§ **YOUR TASK**: Could you give back exactly the lines below from the one with "7769 N Shore Circle N, Forest Lake, MN 55025" through the one with "Рама карликовая линия резка резка плесени", without a single picture?

§ **RECORDS FOR PROCESSING**:
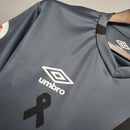 CAMISA VALLECANO - FORA/ AWAY- TORCEDOR - 20/21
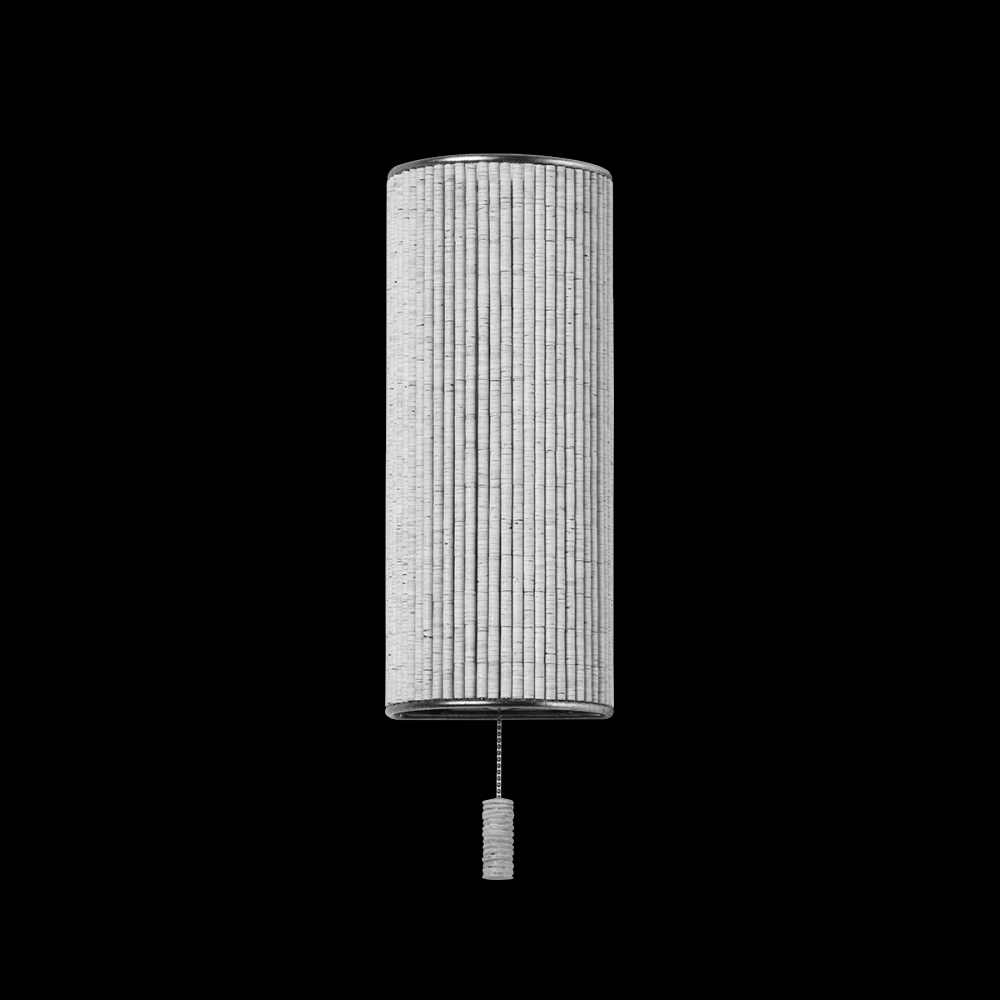 HAMPDEN WALL SCONCE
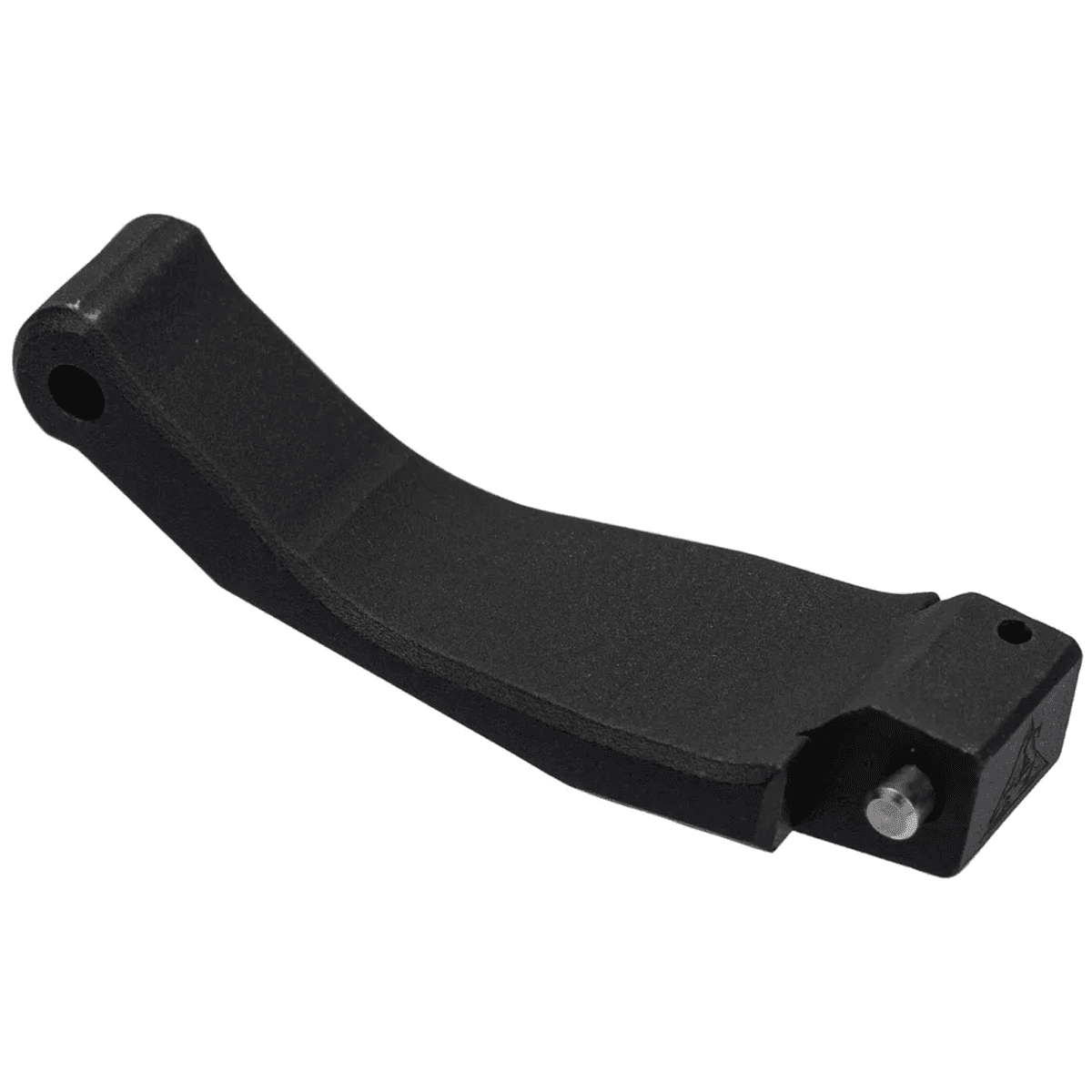Rise Armament Trigger Guard, Black Anodized Aluminum For AR-15 - RA050BLK Rise Armament Trigger Guard, Black Anodized Aluminum For AR-15 - RA050BLK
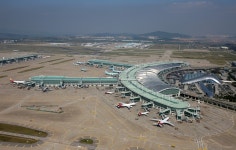 2016년 인천공항 물동량 271만t…사상 최대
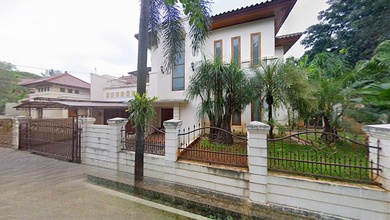 Bintaro - Perum The Pine View Residance. Rumah Bagus SHM LT 874 M2. Dijl Kaka Tua 1. Bintaro. Pesanggrahan. Jakarta Selatan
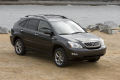 2008 Lexus RX350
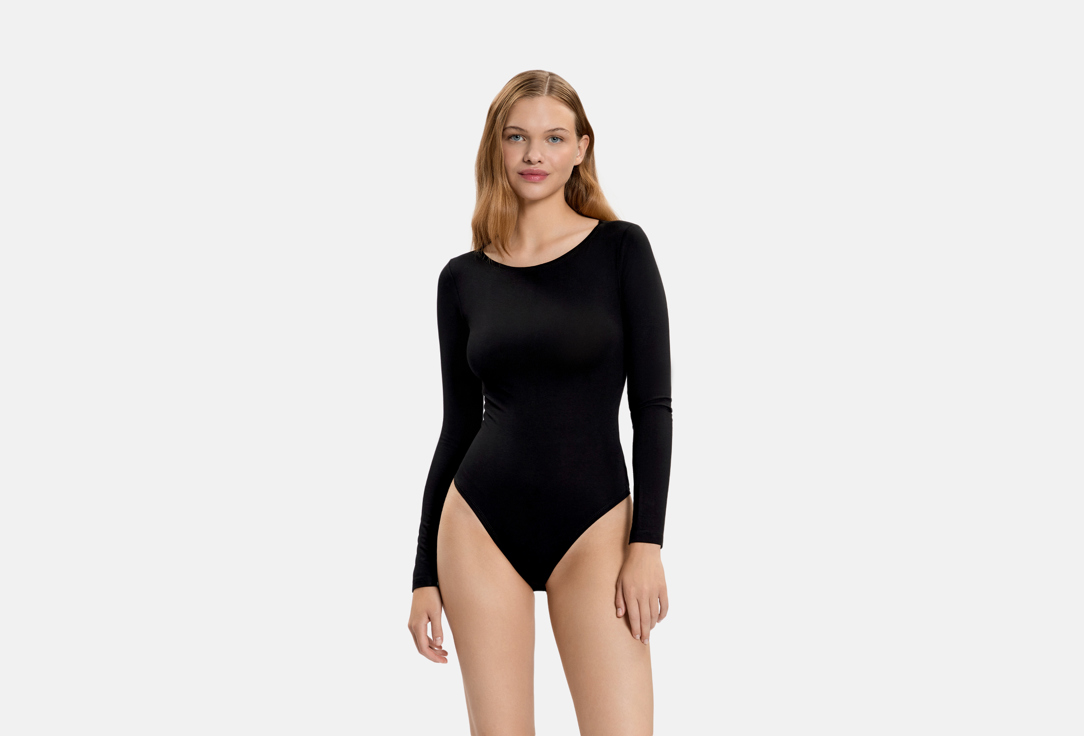 Bamboo black XS-S мл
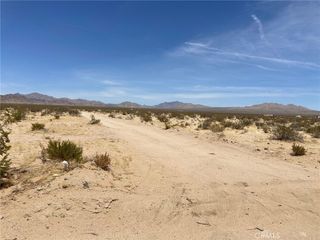 0 North Side Road, Lucerne Valley, CA 92356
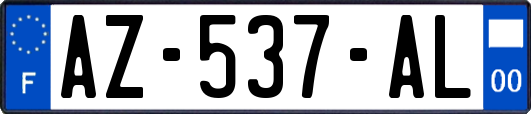 AZ-537-AL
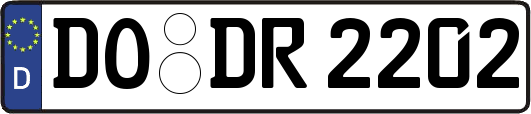 DO-DR2202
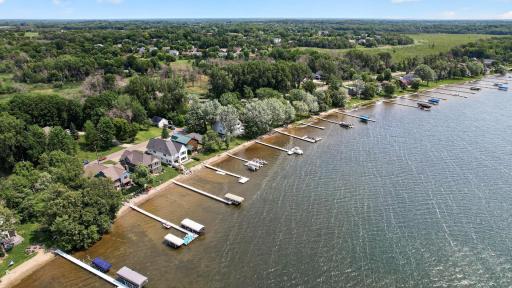 7769 N Shore Circle N, Forest Lake, MN 55025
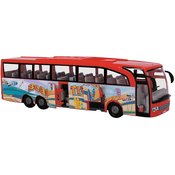 Djecja igracka Dickie Toys – Turisticki autobus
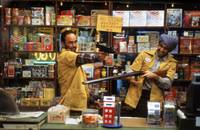 Кадр Зов плоти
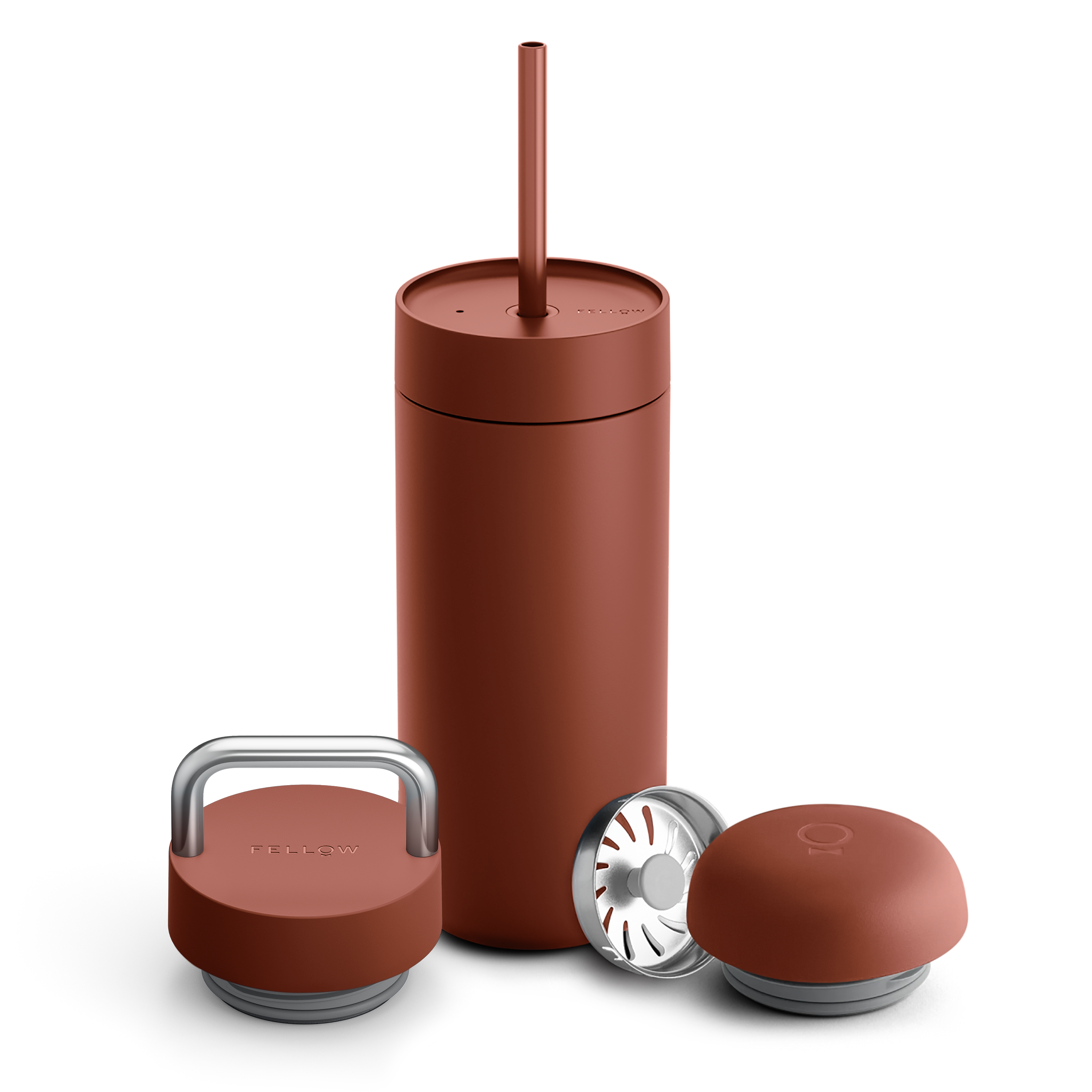 Fellow Carter 3-in-1 Lid System 16oz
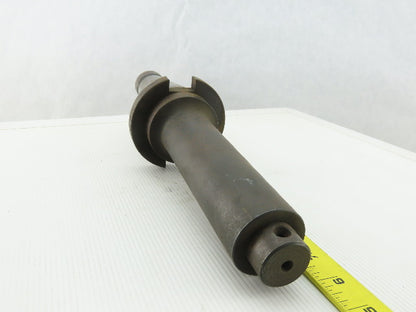 Precision Components NMTB-50-CHX-8 Tool Holder Extension 8" Projection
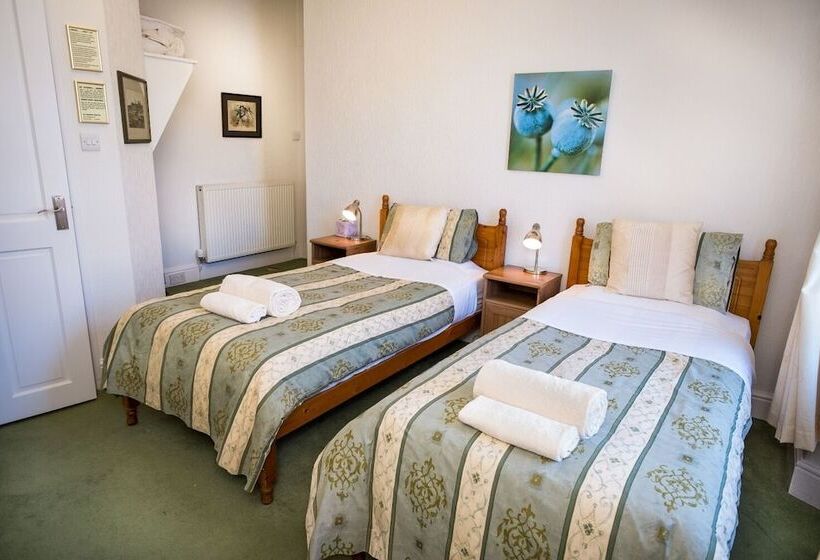 חדר סטנדרט, Somerset House B&b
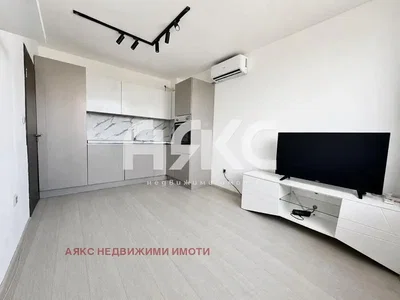 Dnevni boravak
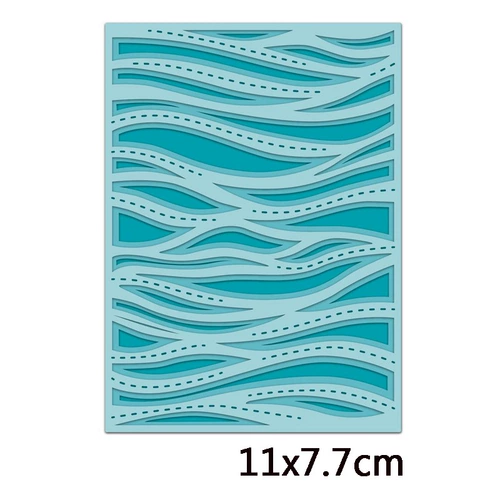 Рама карликовая линия резка резка плесени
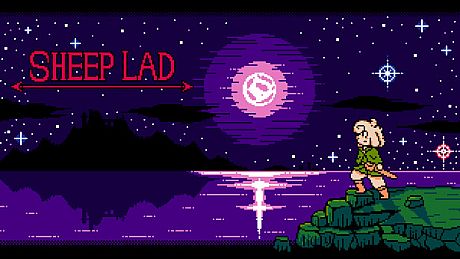 Sheep Lad Game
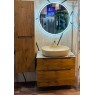 МЕБЕЛЬ ДЛЯ ВАННОЙ КОМНАТЫ BELBAGNO ETNA-H60-800 Rovere Nature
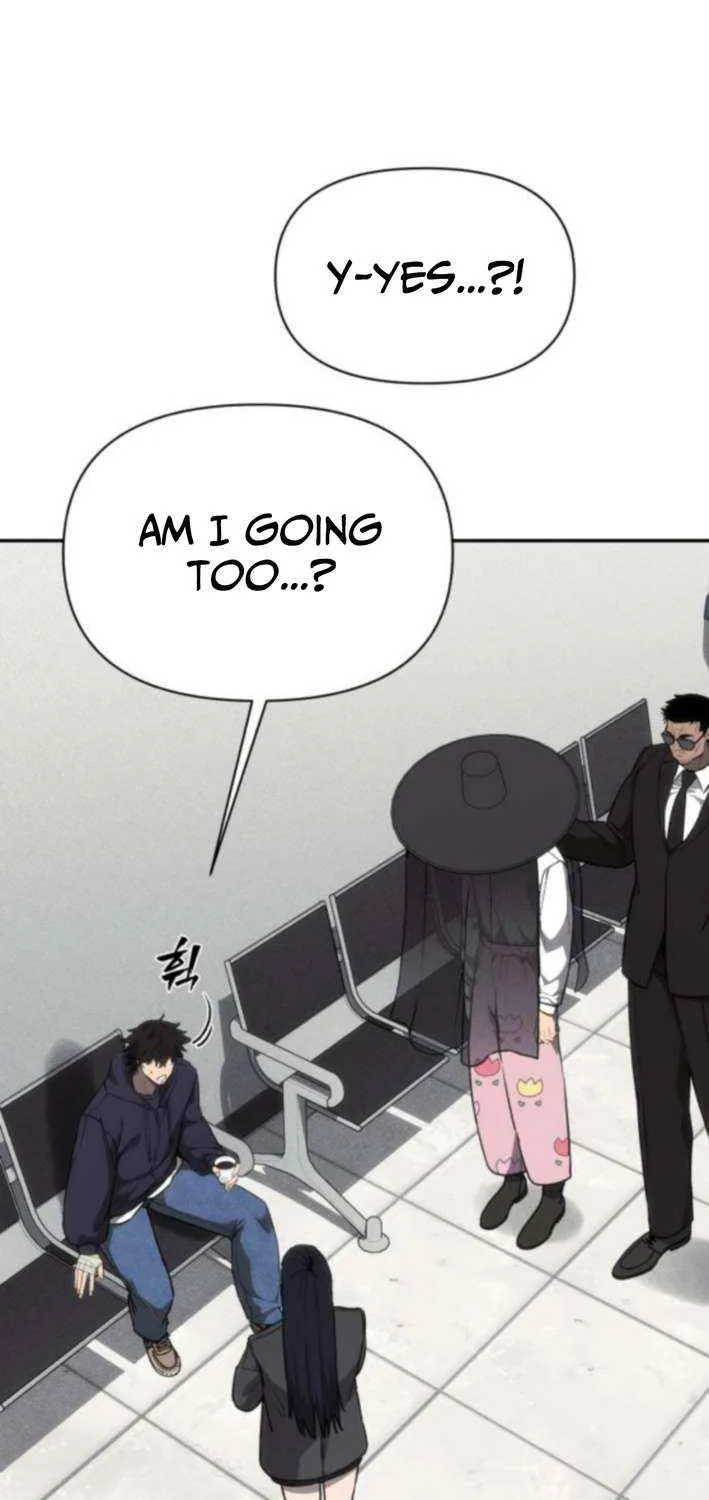 Holy Money Chapter 18 page 45 -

§ **OUTPUT**:
 7769 N Shore Circle N, Forest Lake, MN 55025
 Djecja igracka Dickie Toys – Turisticki autobus
 Кадр Зов плоти
 Fellow Carter 3-in-1 Lid System 16oz
 Precision Components NMTB-50-CHX-8 Tool Holder Extension 8" Projection
 חדר סטנדרט, Somerset House B&b
 Dnevni boravak
 Рама карликовая линия резка резка плесени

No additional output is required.